Task statement >> From the data below, copy exactly the lines that lie between the one holding "Free Shipping MEDIUM" and the one holding "Antique 14kt white", including both, and nothing more.

Supplied data >>

◇ ◇ ◇

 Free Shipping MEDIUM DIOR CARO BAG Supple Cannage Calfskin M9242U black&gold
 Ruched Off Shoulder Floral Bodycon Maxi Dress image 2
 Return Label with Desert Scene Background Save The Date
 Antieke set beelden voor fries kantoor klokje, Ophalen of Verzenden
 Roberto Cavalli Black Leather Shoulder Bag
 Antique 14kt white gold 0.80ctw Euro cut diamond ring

◇ ◇ ◇

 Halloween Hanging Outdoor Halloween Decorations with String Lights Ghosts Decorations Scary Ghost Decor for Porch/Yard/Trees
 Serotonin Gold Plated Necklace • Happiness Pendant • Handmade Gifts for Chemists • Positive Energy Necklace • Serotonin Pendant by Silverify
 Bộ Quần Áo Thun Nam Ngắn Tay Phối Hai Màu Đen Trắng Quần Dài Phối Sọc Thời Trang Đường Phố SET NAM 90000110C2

◇ ◇ ◇

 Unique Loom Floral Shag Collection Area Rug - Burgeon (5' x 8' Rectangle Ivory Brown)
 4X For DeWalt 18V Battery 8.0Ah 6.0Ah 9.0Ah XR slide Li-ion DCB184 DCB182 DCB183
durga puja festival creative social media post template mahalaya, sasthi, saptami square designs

◇ ◇ ◇

Answer for the task >>
 Free Shipping MEDIUM DIOR CARO BAG Supple Cannage Calfskin M9242U black&gold
 Ruched Off Shoulder Floral Bodycon Maxi Dress image 2
 Return Label with Desert Scene Background Save The Date
 Antieke set beelden voor fries kantoor klokje, Ophalen of Verzenden
 Roberto Cavalli Black Leather Shoulder Bag
 Antique 14kt white gold 0.80ctw Euro cut diamond ring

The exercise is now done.